The city’s planning department also staked out an It Could Be Worse stance to sway the commission to approve the ordinances. Carson quoted from Orange County’s comprehensive plan for Horizon West, warning about high housing densities and county housing developments that might be entitled to access city utilities. The assumption was that outside developments could tax the city’s services. Spain countered that in such a situation, the city was entitled to charge 25 percent more for those services.

Carson told the commission that Tilden Place had been conceived as a Horizon West project with 161 homes before the city annexed the property and slashed the number of home sites to 55.


“If I were a developer, and my goal was to maximize my unit counts on that property, this scenario would be a win-win for me,” Carson told the commission.

She added that voting against annexation would not necessarily preserve the area as rural.
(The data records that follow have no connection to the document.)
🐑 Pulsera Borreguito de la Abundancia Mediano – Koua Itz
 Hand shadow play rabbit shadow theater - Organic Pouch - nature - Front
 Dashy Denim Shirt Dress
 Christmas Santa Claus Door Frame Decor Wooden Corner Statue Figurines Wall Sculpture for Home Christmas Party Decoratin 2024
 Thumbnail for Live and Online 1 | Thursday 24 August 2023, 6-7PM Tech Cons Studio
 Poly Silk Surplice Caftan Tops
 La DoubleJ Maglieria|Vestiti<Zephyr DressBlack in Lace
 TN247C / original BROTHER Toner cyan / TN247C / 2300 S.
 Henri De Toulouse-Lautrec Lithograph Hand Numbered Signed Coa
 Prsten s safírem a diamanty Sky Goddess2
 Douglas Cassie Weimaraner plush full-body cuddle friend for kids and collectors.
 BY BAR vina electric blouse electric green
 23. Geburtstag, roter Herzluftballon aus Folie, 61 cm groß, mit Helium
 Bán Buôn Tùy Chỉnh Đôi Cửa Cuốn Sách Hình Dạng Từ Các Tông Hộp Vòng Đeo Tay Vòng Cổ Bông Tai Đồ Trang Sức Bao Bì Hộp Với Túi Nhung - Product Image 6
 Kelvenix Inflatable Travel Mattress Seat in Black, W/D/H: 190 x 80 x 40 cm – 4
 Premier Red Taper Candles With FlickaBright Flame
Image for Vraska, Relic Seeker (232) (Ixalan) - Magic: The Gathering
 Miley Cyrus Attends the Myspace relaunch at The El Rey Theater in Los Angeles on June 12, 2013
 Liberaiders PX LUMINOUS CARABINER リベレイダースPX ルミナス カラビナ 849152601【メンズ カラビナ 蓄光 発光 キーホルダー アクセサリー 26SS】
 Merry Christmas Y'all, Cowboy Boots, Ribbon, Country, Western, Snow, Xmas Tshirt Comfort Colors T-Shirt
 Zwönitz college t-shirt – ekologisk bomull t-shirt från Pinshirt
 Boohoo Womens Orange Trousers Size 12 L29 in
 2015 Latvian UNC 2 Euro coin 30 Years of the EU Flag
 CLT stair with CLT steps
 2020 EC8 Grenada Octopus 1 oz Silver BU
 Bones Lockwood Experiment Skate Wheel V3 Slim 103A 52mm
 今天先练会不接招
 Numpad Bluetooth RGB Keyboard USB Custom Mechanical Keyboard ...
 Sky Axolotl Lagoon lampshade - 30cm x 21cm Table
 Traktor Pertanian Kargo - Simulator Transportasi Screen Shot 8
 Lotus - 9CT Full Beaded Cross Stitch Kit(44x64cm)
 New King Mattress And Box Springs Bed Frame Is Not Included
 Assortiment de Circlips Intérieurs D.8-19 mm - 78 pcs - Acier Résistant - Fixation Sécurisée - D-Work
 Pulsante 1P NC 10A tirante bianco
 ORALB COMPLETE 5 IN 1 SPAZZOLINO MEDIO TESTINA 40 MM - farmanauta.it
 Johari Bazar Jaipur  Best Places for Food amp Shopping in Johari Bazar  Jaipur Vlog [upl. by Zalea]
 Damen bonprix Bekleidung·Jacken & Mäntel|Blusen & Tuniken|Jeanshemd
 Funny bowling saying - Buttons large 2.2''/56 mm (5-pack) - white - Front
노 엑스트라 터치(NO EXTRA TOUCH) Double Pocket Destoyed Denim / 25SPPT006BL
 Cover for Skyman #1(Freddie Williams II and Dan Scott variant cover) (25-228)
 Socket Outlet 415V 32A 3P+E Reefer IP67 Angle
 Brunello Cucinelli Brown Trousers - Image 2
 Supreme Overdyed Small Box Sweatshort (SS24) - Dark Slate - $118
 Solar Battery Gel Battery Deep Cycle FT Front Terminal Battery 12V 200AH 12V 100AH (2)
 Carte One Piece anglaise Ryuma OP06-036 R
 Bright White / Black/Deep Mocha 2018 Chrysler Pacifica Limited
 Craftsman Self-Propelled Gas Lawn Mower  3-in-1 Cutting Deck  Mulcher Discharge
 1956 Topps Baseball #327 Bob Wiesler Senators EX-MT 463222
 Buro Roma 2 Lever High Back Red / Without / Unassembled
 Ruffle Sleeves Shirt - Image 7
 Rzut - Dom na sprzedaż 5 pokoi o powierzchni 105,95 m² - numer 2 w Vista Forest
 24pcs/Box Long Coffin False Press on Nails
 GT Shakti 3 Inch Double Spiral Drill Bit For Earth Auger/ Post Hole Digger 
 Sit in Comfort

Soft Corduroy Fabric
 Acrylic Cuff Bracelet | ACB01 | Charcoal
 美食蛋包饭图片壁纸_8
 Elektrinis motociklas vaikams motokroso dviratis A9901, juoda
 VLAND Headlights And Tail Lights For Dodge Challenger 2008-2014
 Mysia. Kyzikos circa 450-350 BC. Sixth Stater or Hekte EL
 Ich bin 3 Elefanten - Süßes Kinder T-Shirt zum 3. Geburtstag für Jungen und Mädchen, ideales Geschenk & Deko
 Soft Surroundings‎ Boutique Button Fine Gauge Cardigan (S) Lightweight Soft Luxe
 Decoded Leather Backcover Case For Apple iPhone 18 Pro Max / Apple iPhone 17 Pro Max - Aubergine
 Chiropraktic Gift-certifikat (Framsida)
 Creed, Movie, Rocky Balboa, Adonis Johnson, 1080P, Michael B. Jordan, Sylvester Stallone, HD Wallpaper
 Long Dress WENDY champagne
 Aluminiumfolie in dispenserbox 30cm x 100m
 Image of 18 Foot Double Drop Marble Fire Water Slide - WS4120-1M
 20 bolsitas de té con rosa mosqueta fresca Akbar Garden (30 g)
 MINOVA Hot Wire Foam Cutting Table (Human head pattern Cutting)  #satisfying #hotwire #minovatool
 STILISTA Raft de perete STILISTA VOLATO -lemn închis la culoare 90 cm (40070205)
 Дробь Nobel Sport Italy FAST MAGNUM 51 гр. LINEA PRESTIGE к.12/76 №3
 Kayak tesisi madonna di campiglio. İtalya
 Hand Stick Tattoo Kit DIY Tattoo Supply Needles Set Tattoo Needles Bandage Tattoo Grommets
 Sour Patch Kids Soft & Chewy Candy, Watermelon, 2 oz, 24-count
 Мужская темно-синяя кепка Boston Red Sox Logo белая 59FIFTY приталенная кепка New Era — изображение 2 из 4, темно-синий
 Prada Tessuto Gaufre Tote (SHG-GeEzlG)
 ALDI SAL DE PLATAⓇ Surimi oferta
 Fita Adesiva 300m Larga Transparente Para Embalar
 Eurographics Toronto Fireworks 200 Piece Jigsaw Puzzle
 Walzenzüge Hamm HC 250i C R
“[Orange County’s] long term goal is to transform these properties — including the subject property, including Ms. Bingler’s property — from rural to urban,” she said. “We all know they are keeping true to their vision down there. We’re all familiar with Horizon West. They’re developing tons of residential projects from townhomes and apartments and lots of commercial uses, you name it. They want to go from rural to urban, and by god! They’re doing it!”


S. Brent Spain with Anne Bingler at the June 8 meeting.

Spain did not share that view. “I can assure you [the developer] would be walking into Orange County if they could get more units than they could get from you. Right now in the county, they can get a whopping one dwelling unit per 10 acres.”

He added that Carson’s Tilden Place example was mere speculation. “She has no knowledge of what the Orange County commissioners would or would not do at submittal. Never mind that the county commissioners never even voted on it.”

Reasonable Use

Bingler has long maintained she does not want her property annexed into Winter Garden because the city — despite its foundation in the citrus trade — has no land use designation today that recognizes her horse farm as an agricultural entity.


A professional show jumping rider who competes at the highest level of the sport, Bingler has opposed the Tilden Club development on the east side of her training facility because she learned, after living with Tilden Place homes to her west, that suburban life is frequently at odds with the requirements of breeding and training elite equine athletes.

Sudden loud noises, a tossed ball, a dog jumping into a paddock can scare horses, causing injuries to the animals and riders. Bingler was thrown to the ground not long ago, she told VoxPopuli. It got spooked by the sound of a ball hitting a backyard PVC fence, “threw me into the air and I landed on my head with my helmet on.” Bingler got a concussion and was unable to compete in several shows at the World Equestrian Center in Ocala.


Still, Carson noted in her presentation that changes had been made to Tilden Club’s plans specifically to accommodate Bingler’s concerns. These included placing three homes next to the training facility, compared with Tilden Place’s 14; forbidding trampolines in those backyards; raising the privacy fence from the standard 6 feet to 8 feet; and planting bamboo along the fence line.


Carson, who did not respond to emailed questions regarding whether she had incorporated a personal site visit to the Bingler facility into her department’s analysis, said she felt “confident” that three homes will not interfere with Bingler’s “reasonable expectation of use and enjoyment” of her property.


Bingler doesn’t quite see it that way.


"We've poured our life savings into redoing the infrastructure [of the training facility], and like some sick joke, now we're getting squeezed out," she said in a recent interview. There's no place on her property to move her training ring to shield the horses from sudden noises nor can she relocate where potential buyers would visit to look over the foals she is breeding from her prize-winning competition horses.


"We looked into it," she said. "We'd have to move so far out, we would be so far away that no one would come to look at what we had to sell. Here, we're centrally located between Ocala, Wellington and Tampa, and we could sell our stock."


She told VoxPopuli she is considering her next steps and “exploring all of my options."